I've only just found this site. It's such a relief to read some of the posts and replies as I thought I was being super ungrateful and pathetic.
On the 19th September I returned from dropping my daughter at her new uni and suffered what I thought was indigestion. I did nothing as it passed. Ironically, I had to attend a first aid refresher course the next day where heart attacks were covered. I was advised by the trainer to go to the doctor, but life and events delayed me doing so. I woke up at 2am on 7.10.16 with intense gripping pain and just knew I was having a heart attack. Luckily I was delivered to the local cath lab in under 45mins and had 2 stents fitted. Two days later I was sent home to recover. I was not expecting the emotional chaos. I couldn't sleep in my bed as I kept having flashbacks. My doctor told me I had PTSD which made me feel pathetic. What had I experienced in comparison to others with PTSD? Why did I feel so low when everyone was telling me that 'my heart was probably better than it had been for months'. I felt really ungrateful.

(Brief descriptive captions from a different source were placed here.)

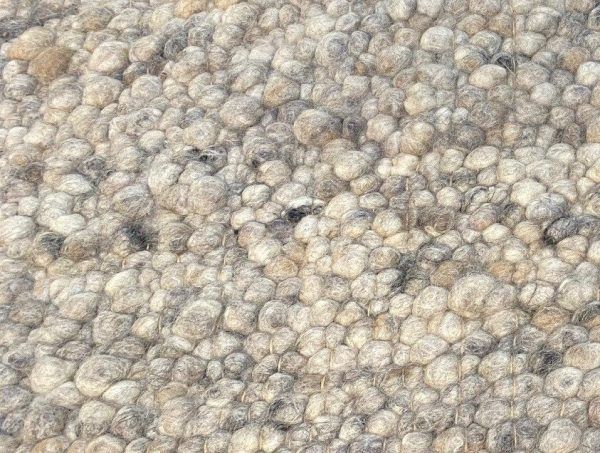 Bespoke Textured Rugs - The Tailored Workplace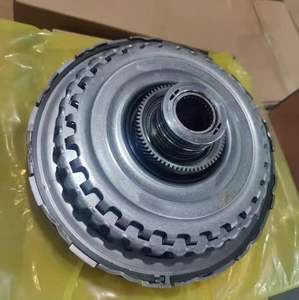 Boîtier de valve de transmission d'occasion 6DCT360 OE 6dct360 pour voitures Zotye T600 T700 T800 Roewe Damai avec garantie d'un an - Product Image 1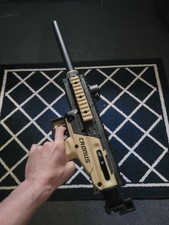 Tippmann cronus semi for sale  Champlain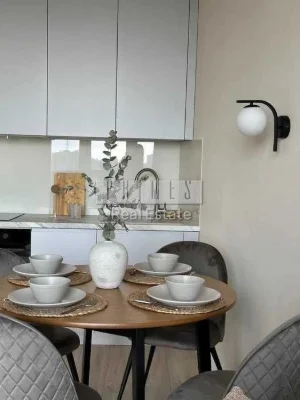 Продаж 1к квартири, ЖК Greenville Park, вул. Пимоненка Микол
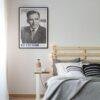 Frank Sinatra Poster - Museum Quality Print
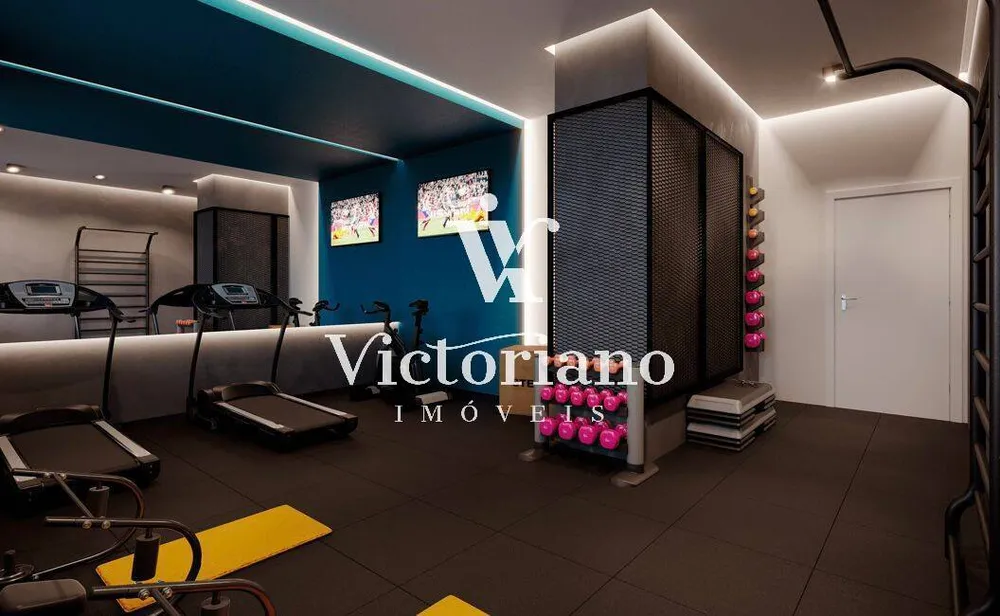 Apartamento, 2 quartos, 55 m² - Foto 7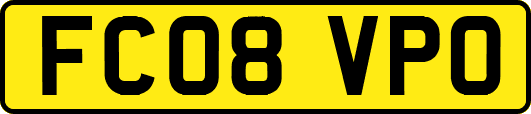 FC08VPO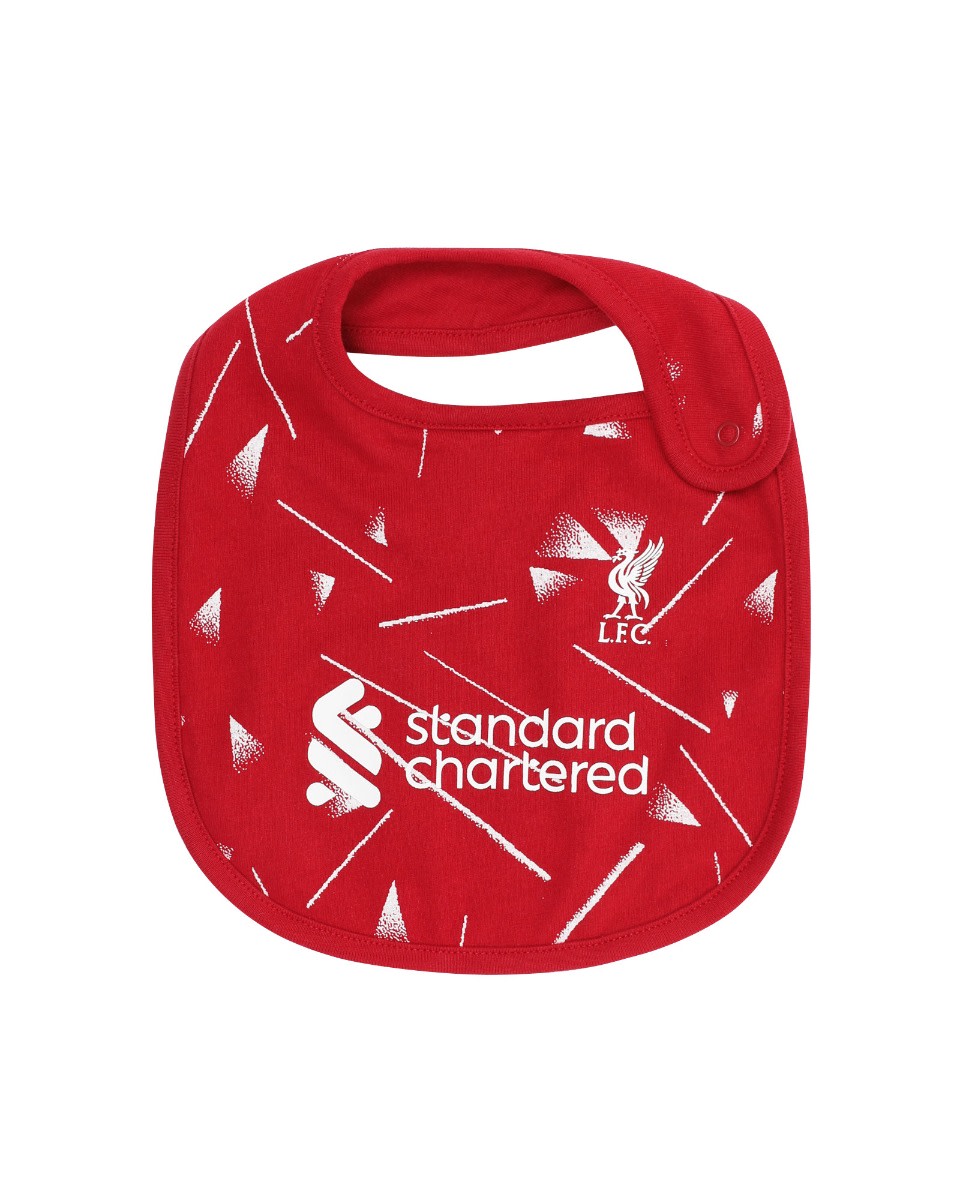 LFC Baby 26/27 Hjemmesmæk - Image 1
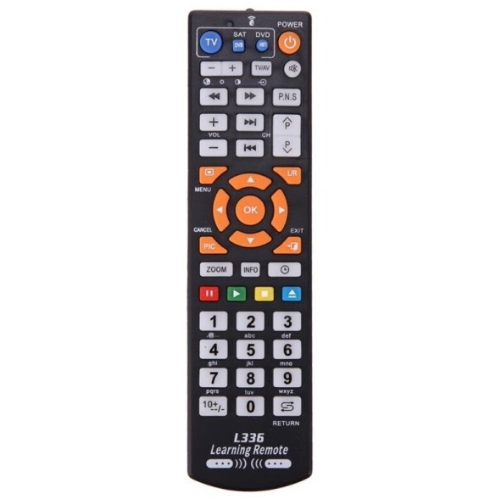 만능 리모컨 L336 (해외구매)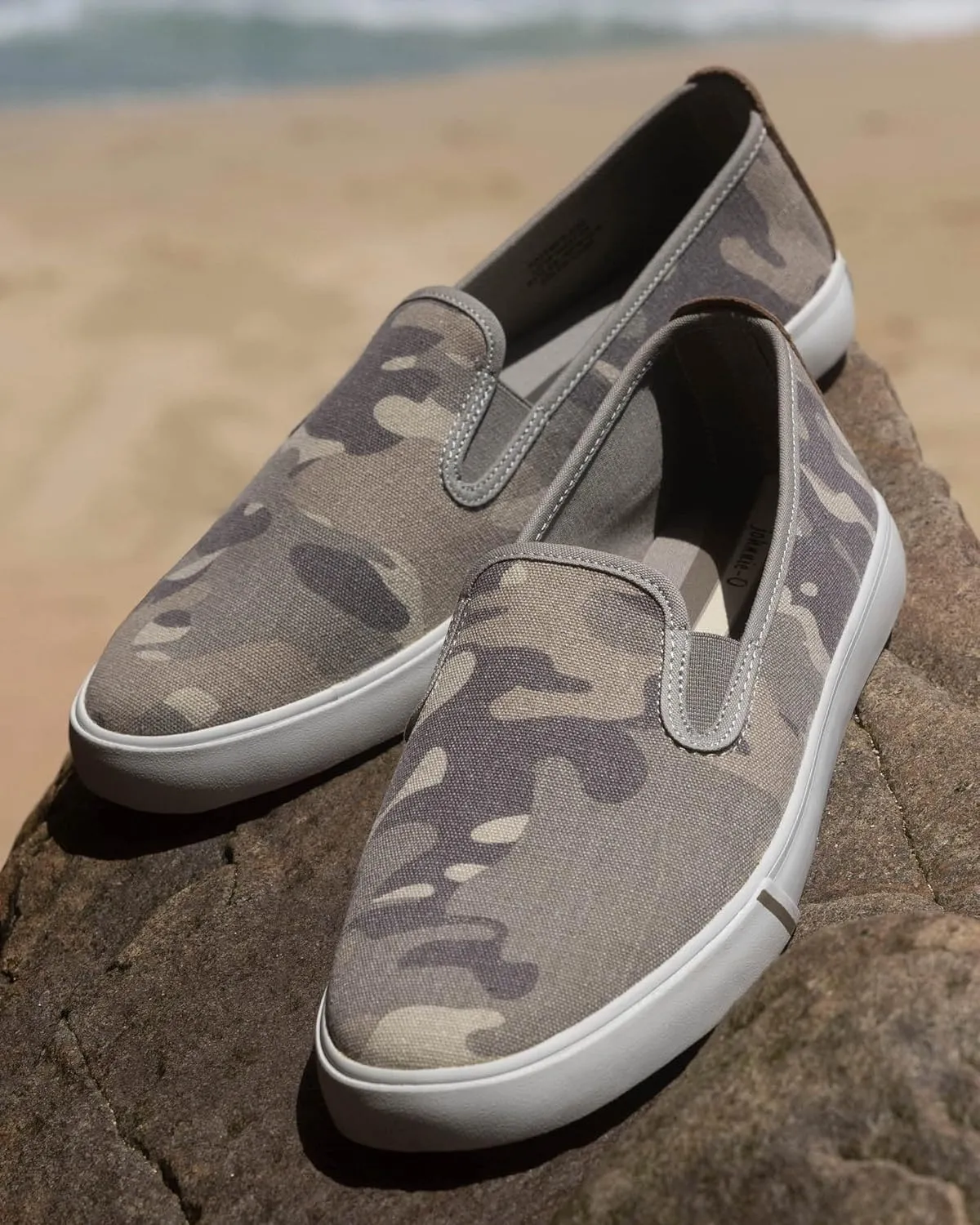 johnnie-O Stealth Sneaker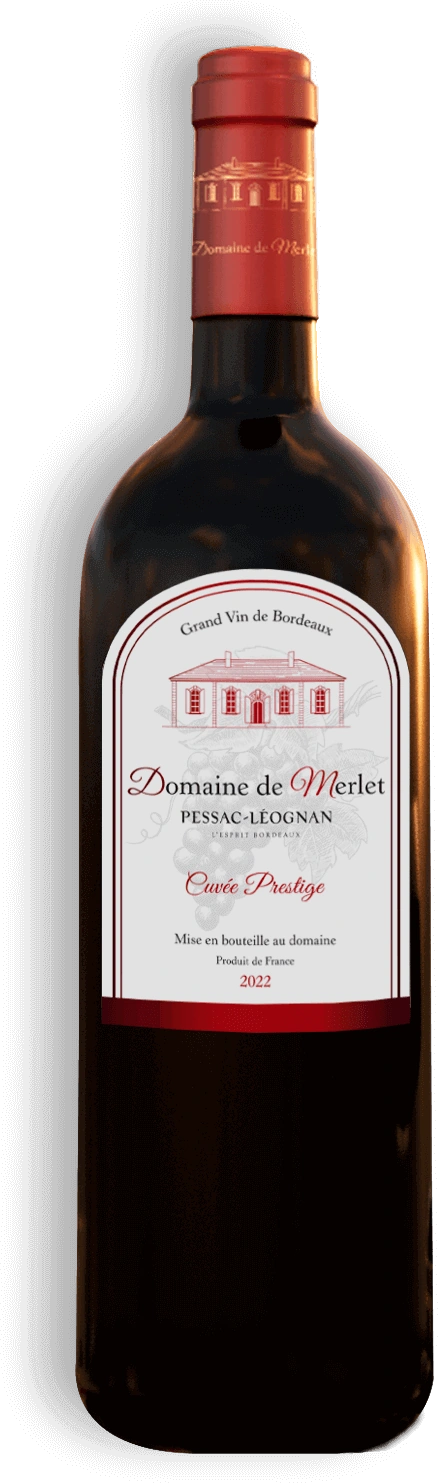 Cuvée Prestige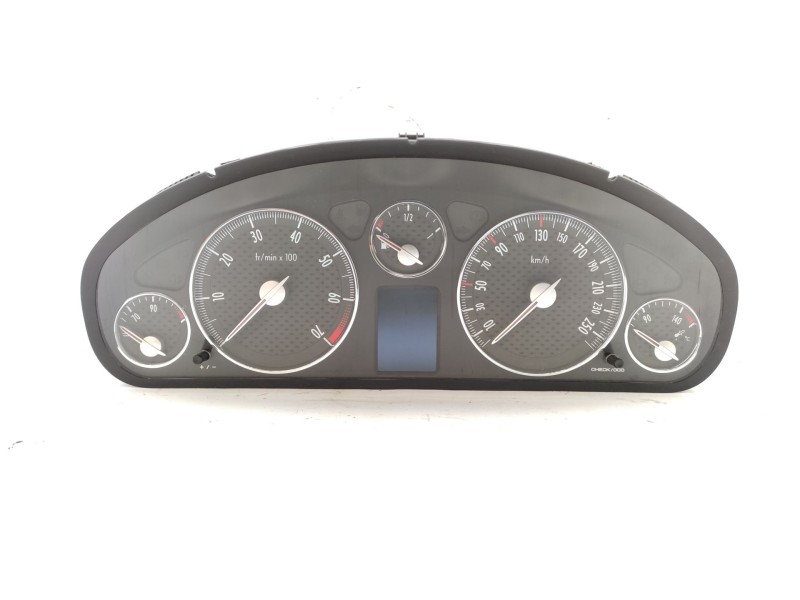 Recambio de cuadro instrumentos para peugeot 407 coupé (6c_) 2.2 16v referencia OEM IAM  6106X4 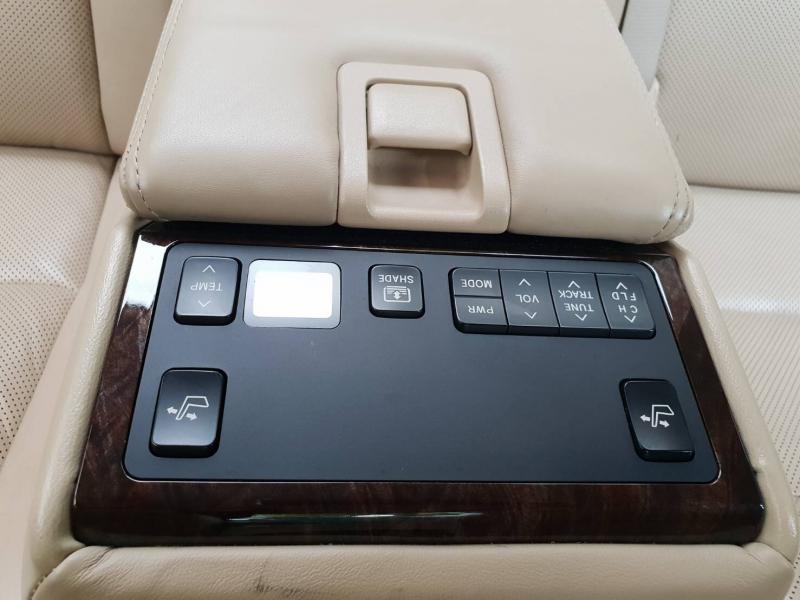 TOYOTA camry 2.5 Hybrid 2012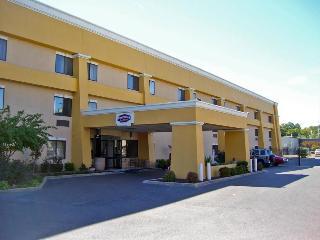 Hotel Comfort Inn & Suites Airport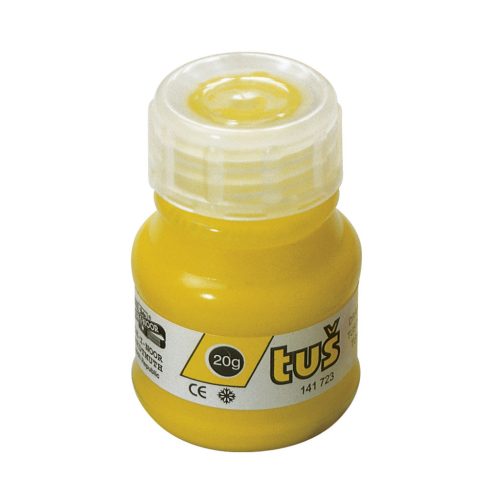 KOH-I-NOOR V0141700202LP TUS  SÁRGA 20 g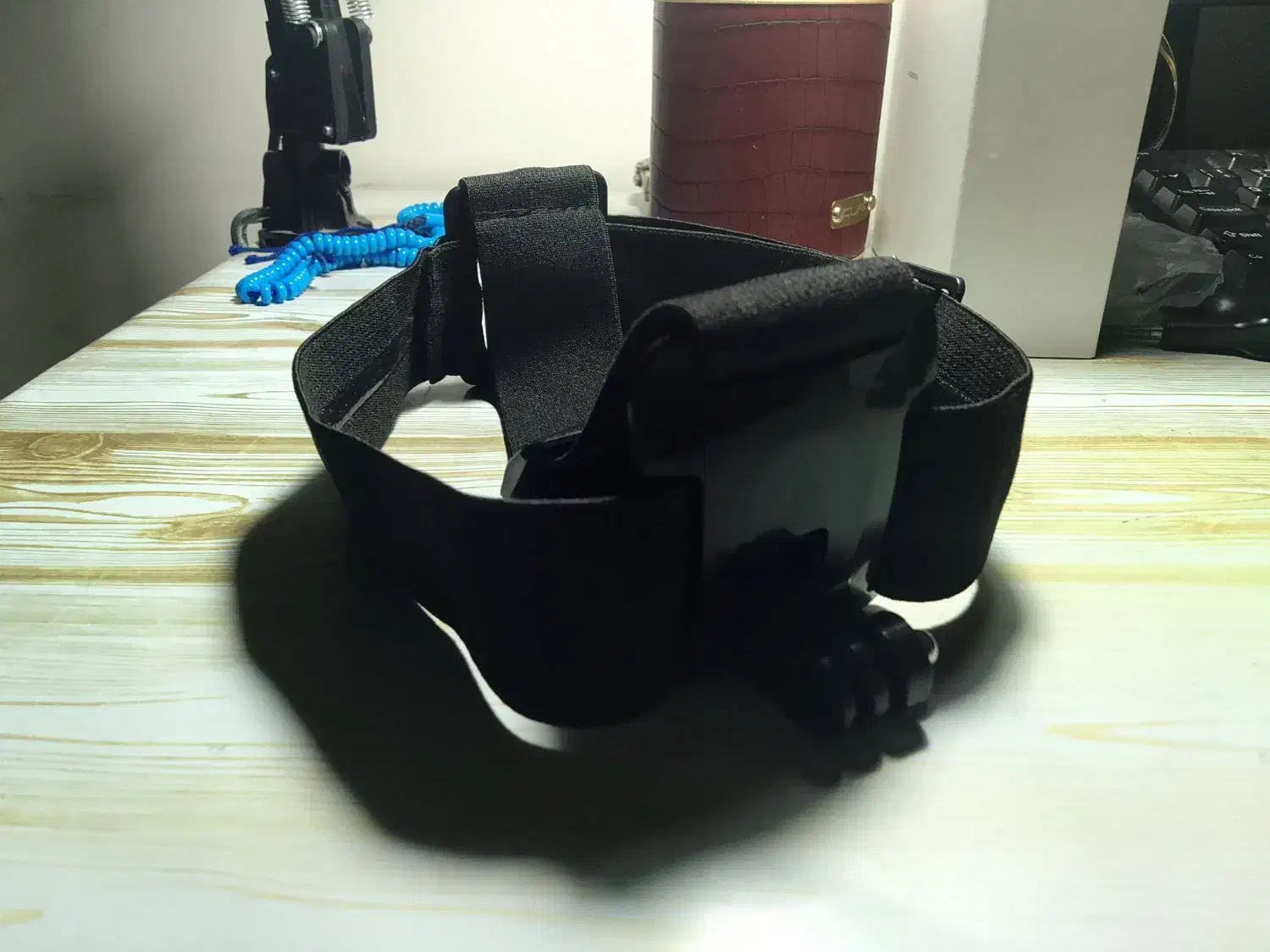 دوربین برندwolfang|دوربین عکاسی و فیلمبرداری|زنجان, |دیوار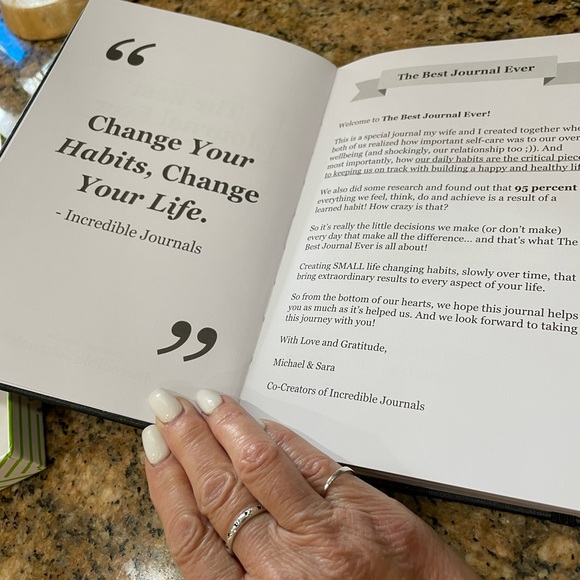 Journal - Picture 2 of 4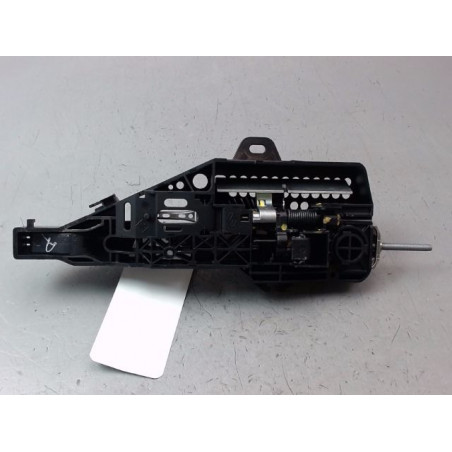 POIGNEE EXTERIEURE PORTE ARRIERE GAUCHE RENAULT CAPTUR Phase 1 2013-...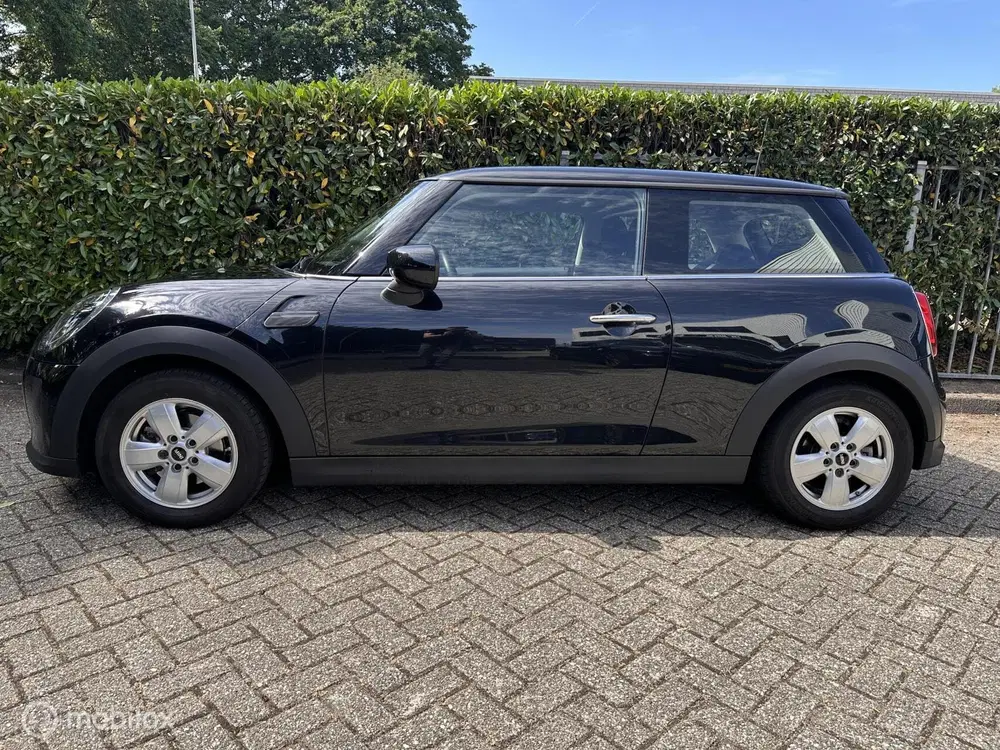 Mini Cooper 1.5 Cooper Essential automaat 2023 uit 2023, foto 6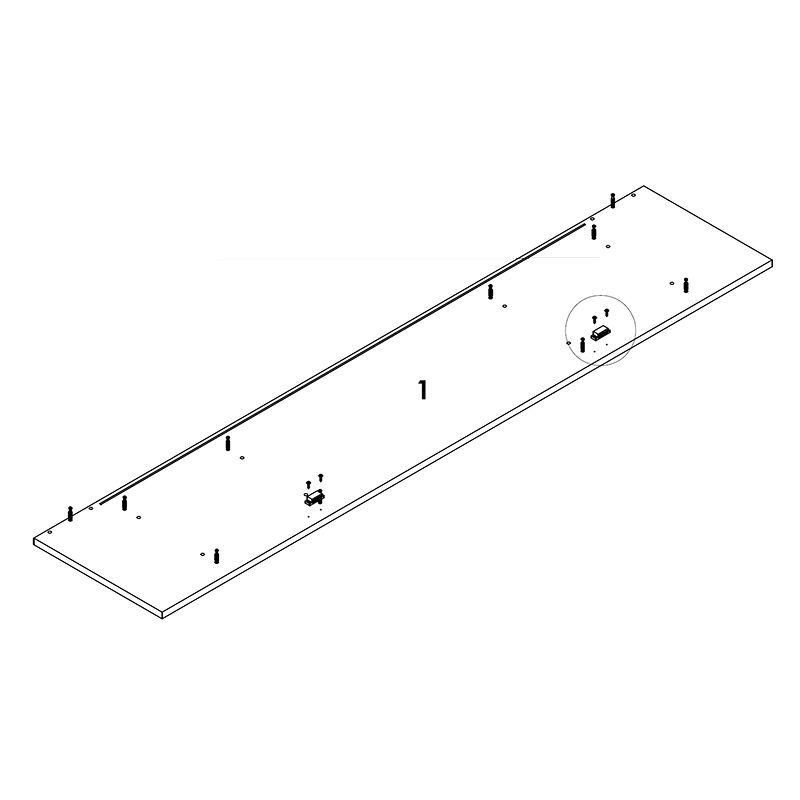 Attach Magnet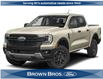 2025 Ford Ranger XLT (Stk: 256541) in Vancouver - Image 1 of 12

Last Wednesday I had to have another angiogram to see if I needed a 3rd stent. The induced angina attack brought everything back and I ended up sobbing on the bed in the cath lab...how ridiculous and weak was that...but I can't seem to get past this. I'm having panic attacks now and I have never been a panic attack sort of person before.
I am going to rehab on the 1st Dec (wasn't allowed to start the rehab before now until the 2nd angiogram was performed ) I am really hoping this will help.....does it ever go away?